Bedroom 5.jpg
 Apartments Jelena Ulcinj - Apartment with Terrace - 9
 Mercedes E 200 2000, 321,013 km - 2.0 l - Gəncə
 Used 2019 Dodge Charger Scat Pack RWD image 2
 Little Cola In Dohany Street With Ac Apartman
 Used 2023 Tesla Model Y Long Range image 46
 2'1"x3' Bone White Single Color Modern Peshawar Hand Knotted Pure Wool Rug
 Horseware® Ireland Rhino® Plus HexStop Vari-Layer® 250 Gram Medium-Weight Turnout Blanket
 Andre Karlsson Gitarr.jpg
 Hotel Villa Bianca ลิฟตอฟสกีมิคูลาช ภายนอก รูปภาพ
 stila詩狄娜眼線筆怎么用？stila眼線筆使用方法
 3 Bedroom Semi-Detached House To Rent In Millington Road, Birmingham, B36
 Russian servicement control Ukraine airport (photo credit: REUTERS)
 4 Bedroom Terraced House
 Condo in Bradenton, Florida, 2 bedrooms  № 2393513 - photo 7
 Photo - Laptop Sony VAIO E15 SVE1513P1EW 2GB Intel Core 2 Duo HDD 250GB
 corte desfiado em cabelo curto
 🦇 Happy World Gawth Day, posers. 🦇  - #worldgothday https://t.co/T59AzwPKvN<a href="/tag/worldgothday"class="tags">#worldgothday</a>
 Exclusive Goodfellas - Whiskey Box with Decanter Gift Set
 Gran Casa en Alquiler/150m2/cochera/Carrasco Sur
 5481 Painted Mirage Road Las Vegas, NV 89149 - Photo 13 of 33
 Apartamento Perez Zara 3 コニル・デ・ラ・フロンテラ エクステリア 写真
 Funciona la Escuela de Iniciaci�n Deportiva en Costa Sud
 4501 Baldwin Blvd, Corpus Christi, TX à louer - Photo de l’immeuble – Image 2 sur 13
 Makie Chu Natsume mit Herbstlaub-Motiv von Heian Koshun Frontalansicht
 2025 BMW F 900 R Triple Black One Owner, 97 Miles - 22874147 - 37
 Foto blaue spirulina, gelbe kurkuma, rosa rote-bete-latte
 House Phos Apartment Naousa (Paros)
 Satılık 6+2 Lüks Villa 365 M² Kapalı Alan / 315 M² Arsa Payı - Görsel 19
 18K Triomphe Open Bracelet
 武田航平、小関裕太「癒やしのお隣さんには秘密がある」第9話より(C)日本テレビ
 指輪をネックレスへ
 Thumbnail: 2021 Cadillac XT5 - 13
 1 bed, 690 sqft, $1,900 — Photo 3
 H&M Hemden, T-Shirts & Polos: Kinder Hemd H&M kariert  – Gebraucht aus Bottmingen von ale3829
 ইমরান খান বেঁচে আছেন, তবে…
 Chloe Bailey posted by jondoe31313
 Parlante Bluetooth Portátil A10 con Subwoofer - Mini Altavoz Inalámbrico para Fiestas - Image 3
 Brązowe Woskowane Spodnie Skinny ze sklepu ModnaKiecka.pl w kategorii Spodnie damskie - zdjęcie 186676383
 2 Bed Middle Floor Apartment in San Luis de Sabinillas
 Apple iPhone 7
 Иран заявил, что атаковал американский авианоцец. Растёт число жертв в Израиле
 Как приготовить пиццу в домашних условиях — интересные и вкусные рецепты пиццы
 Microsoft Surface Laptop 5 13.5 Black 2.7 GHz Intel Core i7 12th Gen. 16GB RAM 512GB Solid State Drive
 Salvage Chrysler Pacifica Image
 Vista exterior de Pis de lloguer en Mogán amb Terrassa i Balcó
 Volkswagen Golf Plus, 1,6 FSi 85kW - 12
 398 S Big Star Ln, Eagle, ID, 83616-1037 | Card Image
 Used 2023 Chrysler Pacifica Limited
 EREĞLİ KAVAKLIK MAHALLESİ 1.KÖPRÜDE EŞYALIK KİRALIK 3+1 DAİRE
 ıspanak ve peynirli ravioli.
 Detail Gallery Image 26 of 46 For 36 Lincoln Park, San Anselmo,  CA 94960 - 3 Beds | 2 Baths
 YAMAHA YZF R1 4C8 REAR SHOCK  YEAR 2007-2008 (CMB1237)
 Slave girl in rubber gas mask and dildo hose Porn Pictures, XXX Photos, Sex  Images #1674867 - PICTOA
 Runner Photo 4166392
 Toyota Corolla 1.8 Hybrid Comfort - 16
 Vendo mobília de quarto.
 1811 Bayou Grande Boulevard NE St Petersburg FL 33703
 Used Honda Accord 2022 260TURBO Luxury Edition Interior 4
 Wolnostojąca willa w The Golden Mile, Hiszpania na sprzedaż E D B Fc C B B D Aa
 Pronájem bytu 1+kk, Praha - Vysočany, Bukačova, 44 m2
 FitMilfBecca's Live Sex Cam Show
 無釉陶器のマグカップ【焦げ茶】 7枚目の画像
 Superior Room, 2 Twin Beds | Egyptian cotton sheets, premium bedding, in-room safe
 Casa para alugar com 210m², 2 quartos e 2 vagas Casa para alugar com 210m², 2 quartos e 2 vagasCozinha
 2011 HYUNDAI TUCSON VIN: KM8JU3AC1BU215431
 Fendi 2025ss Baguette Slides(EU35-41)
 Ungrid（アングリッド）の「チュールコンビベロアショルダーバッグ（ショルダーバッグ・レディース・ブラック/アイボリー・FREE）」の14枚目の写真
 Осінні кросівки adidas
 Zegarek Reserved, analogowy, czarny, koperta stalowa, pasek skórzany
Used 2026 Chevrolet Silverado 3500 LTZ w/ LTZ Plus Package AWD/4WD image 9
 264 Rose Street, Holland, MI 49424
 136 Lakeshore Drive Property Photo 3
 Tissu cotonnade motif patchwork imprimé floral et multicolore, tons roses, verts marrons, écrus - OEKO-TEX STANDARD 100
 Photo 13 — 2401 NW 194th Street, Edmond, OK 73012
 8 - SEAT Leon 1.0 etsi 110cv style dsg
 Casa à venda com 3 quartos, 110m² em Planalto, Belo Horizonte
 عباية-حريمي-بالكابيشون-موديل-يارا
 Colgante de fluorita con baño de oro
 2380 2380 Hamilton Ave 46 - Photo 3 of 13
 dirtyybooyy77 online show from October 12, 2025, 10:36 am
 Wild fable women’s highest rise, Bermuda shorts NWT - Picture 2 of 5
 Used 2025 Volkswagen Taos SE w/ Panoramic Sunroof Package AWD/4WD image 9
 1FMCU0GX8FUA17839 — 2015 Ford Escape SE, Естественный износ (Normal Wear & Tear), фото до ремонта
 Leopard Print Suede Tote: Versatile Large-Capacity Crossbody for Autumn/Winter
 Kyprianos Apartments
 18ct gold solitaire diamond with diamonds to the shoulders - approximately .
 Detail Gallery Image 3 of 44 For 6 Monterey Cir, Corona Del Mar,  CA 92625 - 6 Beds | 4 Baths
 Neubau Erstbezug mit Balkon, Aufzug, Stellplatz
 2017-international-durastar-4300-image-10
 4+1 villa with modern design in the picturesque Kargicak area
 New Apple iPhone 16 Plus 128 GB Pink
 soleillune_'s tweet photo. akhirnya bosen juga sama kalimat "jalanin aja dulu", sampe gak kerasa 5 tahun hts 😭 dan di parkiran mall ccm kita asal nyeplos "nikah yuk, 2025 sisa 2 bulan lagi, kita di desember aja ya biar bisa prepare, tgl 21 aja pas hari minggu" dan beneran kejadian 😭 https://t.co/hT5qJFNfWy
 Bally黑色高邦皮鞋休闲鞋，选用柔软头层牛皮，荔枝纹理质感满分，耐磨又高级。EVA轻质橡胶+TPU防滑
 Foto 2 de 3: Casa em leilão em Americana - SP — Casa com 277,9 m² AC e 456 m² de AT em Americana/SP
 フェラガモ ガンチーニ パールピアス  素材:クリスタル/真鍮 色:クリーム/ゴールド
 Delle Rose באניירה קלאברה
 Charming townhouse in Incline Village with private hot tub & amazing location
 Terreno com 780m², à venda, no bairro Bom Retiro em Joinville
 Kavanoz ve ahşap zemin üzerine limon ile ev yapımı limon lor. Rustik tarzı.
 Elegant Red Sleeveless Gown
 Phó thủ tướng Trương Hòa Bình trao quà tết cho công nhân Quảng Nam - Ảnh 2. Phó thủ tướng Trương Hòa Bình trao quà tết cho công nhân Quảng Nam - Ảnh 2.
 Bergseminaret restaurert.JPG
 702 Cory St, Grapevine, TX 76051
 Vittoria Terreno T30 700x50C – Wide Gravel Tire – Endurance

# Your goal
Return exactly, and only, the lines above starting at the line that contains "Horseware® Ireland Rhino®" and ending at the line that contains "3 Bedroom Semi-Detached".

# Task response
 Horseware® Ireland Rhino® Plus HexStop Vari-Layer® 250 Gram Medium-Weight Turnout Blanket
 Andre Karlsson Gitarr.jpg
 Hotel Villa Bianca ลิฟตอฟสกีมิคูลาช ภายนอก รูปภาพ
 stila詩狄娜眼線筆怎么用？stila眼線筆使用方法
 3 Bedroom Semi-Detached House To Rent In Millington Road, Birmingham, B36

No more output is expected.